Tutorial 08: Data Extraction#

Many post-processing activities require a non-proprietary serialization format to provide common access to a mix of analysis libraries and tools. The Parameter Generators of this project uses the xarray dataset and H5 files, so it will be convenient to extract data results to a similar H5 file using matching coordinates for the N-dimensional data.

Abaqus provides a scripting interface and a proprietary, binary output database file containing the simulation results. While this object and interface is good for scripting with the Abaqus kernel and CAE features, the Python interface is limited to the Python 2.7 environment that is shipped with Abaqus. When post-processing requires more Python libraries or other third party tools, it is common to extract a portion of the Abaqus results to an intermediate file. To reduce duplicated effort in extracting Abaqus ODB files to a common format, the ODB Extract command-line utility and the associated waves.scons_extensions.abaqus_extract() builder are provided to parse the output of abaqus odbreport into several xarray dataset objects in an H5 file.
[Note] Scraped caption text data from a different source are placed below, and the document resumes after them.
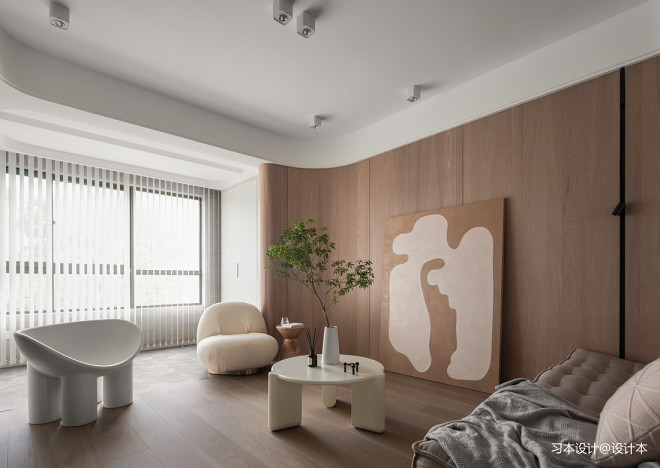 |弧形与空间构造柔美简致的居家美学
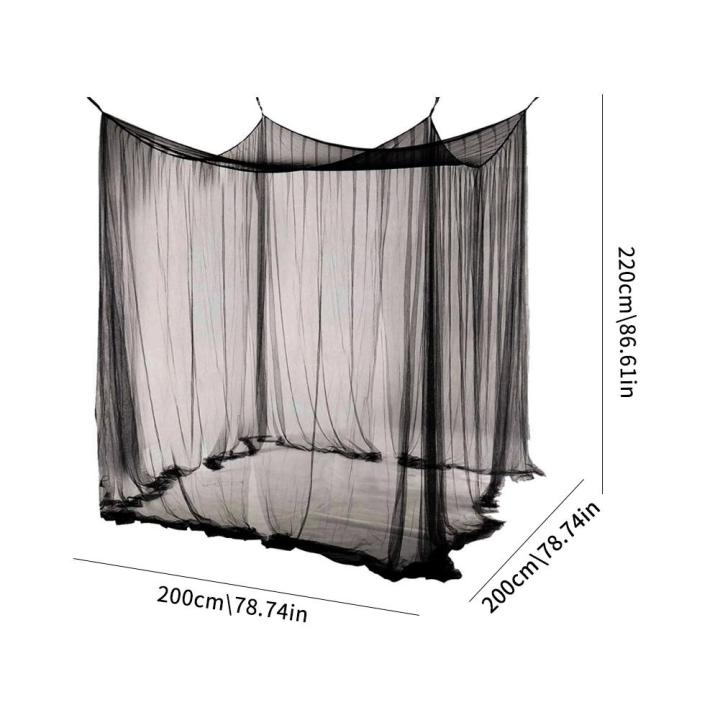%20Mosquito%20Nets%20Palace%20Four%20Door%20King/Queen%20Double%20Size%20Home%20Single%20Beds%20Prevent%20Insect%20Outdoor%20Square%20Grace%20White%20Canopy%20Net%20-%20Image%206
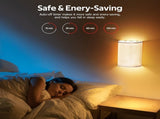 Battery Operated Wall Lights,2 Pack Wall Light Decor with Remote Control,3 Colors Dimmable Fabric V1171-CX-WL-MAGNET-CCT-BO-2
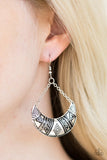 Paparazzi "Texas Tango" Silver Earrings Paparazzi Jewelry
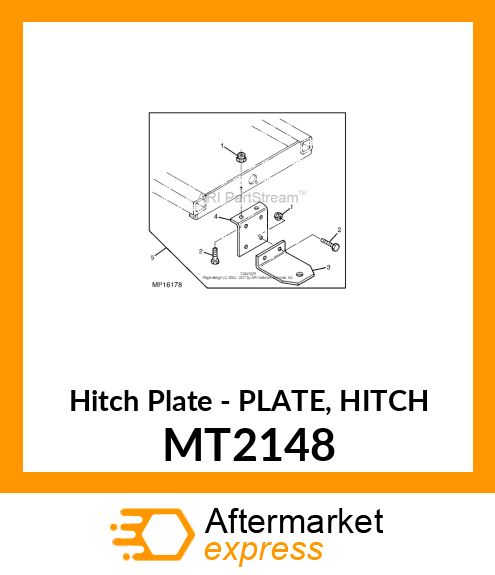 Hitch Plate MT2148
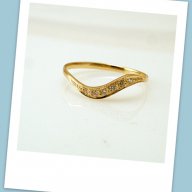 Продаден!златен пръстен - малък S - 1.05 грама, размер №52, снимка 4 - Пръстени - 11175289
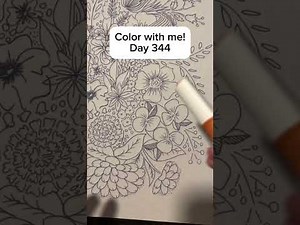 A Cluster of Flowers Coloring Page Compilation Video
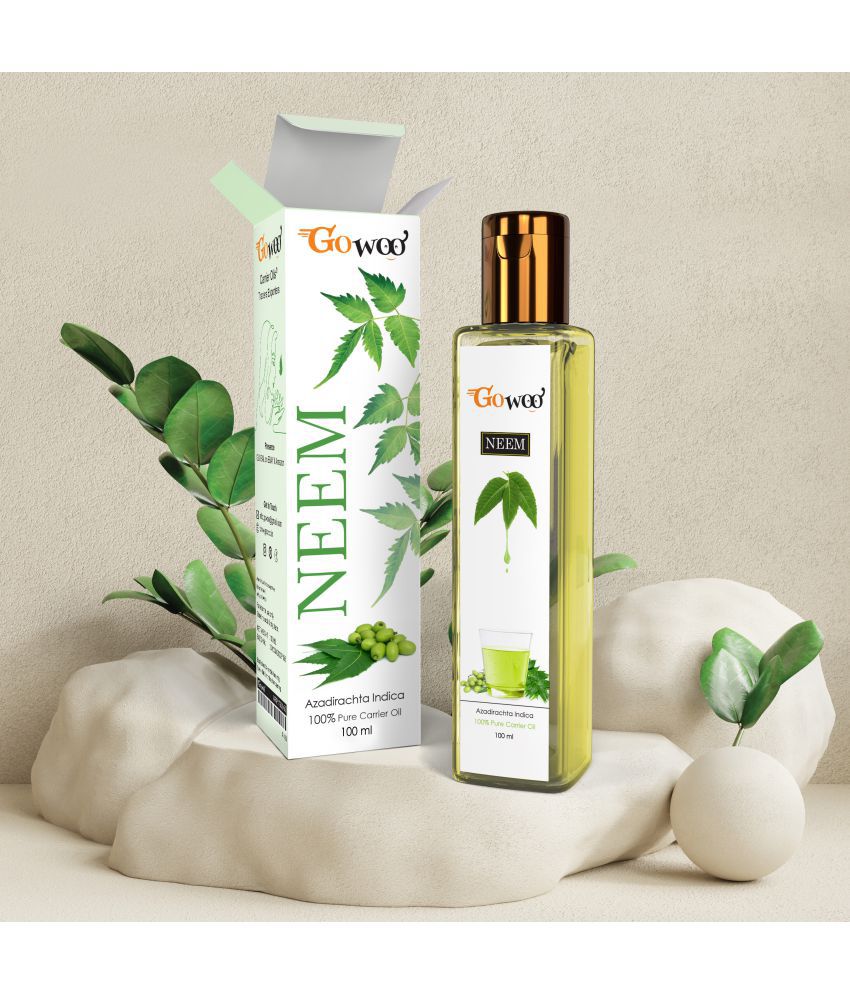     			GO WOO 100% Pure neem carrier oil good for hair (100 ml)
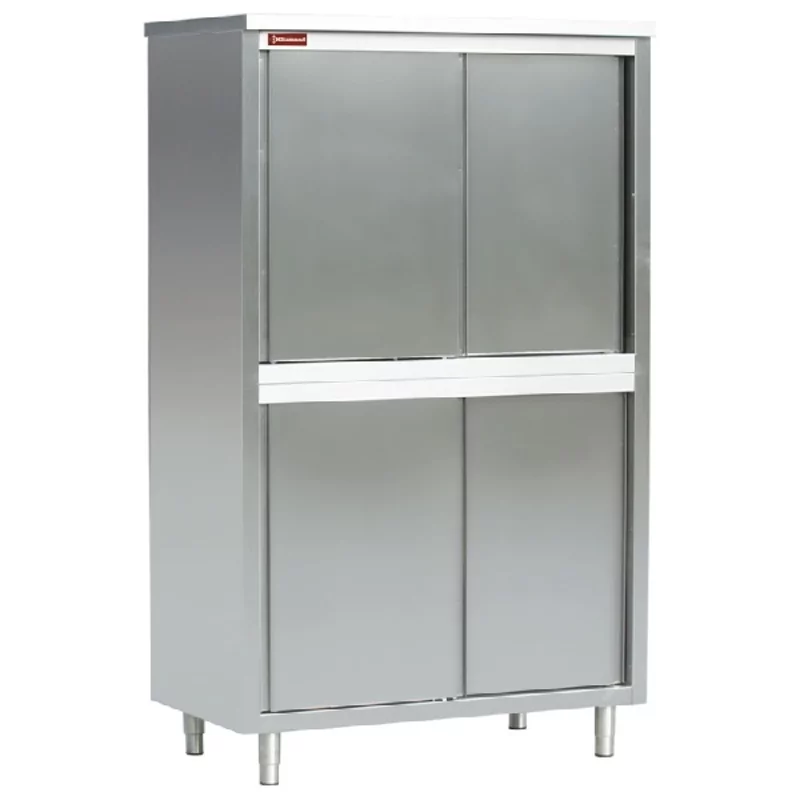 Kast RVS met schuifdeuren1200x(d)700x(h)2000mm {Aisi441}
Future releases of WAVES may include extract utilities for other numeric solvers.

References#

Environment#

SCons and WAVES can be installed in a Conda environment with the Conda package manager. See the Conda installation and Conda environment management documentation for more details about using Conda.

Note

The SALib and numpy versions may not need to be this strict for most tutorials. However, Tutorial: Sensitivity Study uncovered some undocumented SALib version sensitivity to numpy surrounding the numpy v2 rollout.

  1. Create the tutorials environment if it doesn’t exist

    $ conda create --name waves-tutorial-env --channel conda-forge waves 'scons>=4.6' matplotlib pandas pyyaml xarray seaborn 'numpy>=2' 'salib>=1.5.1' pytest
    
  2. Activate the environment

    $ conda activate waves-tutorial-env
    

Some tutorials require additional third-party software that is not available for the Conda package manager. This software must be installed separately and either made available to SConstruct by modifying your system’s PATH or by modifying the SConstruct search paths provided to the waves.scons_extensions.add_program() method.

Warning

STOP! Before continuing, check that the documentation version matches your installed package version.

  1. You can find the documentation version in the upper-left corner of the webpage.

  2. You can find the installed WAVES version with waves --version.

If they don’t match, you can launch identically matched documentation with the WAVES Command-Line Utility docs subcommand as waves docs.

Directory Structure#

  1. Create and change to a new project root directory to house the tutorial files if you have not already done so. For example

$ mkdir -p ~/waves-tutorials
$ cd ~/waves-tutorials
$ pwd
/home/roppenheimer/waves-tutorials

Note

If you skipped any of the previous tutorials, run the following commands to create a copy of the necessary tutorial files.

$ pwd
/home/roppenheimer/waves-tutorials
$ waves fetch --overwrite --tutorial 7 && mv tutorial_07_cartesian_product_SConstruct SConstruct
WAVES fetch
Destination directory: '/home/roppenheimer/waves-tutorials'
  1. Download and copy the tutorial_07_cartesian_product file to a new file named tutorial_08_data_extraction with the WAVES Command-Line Utility fetch subcommand.

$ pwd
/home/roppenheimer/waves-tutorials
$ waves fetch --overwrite tutorials/tutorial_07_cartesian_product && cp tutorial_07_cartesian_product tutorial_08_data_extraction
WAVES fetch
Destination directory: '/home/roppenheimer/waves-tutorials'

SConscript#

A diff against the tutorial_07_cartesian_product file from Tutorial 07: Cartesian Product is included below to help identify the changes made in this tutorial.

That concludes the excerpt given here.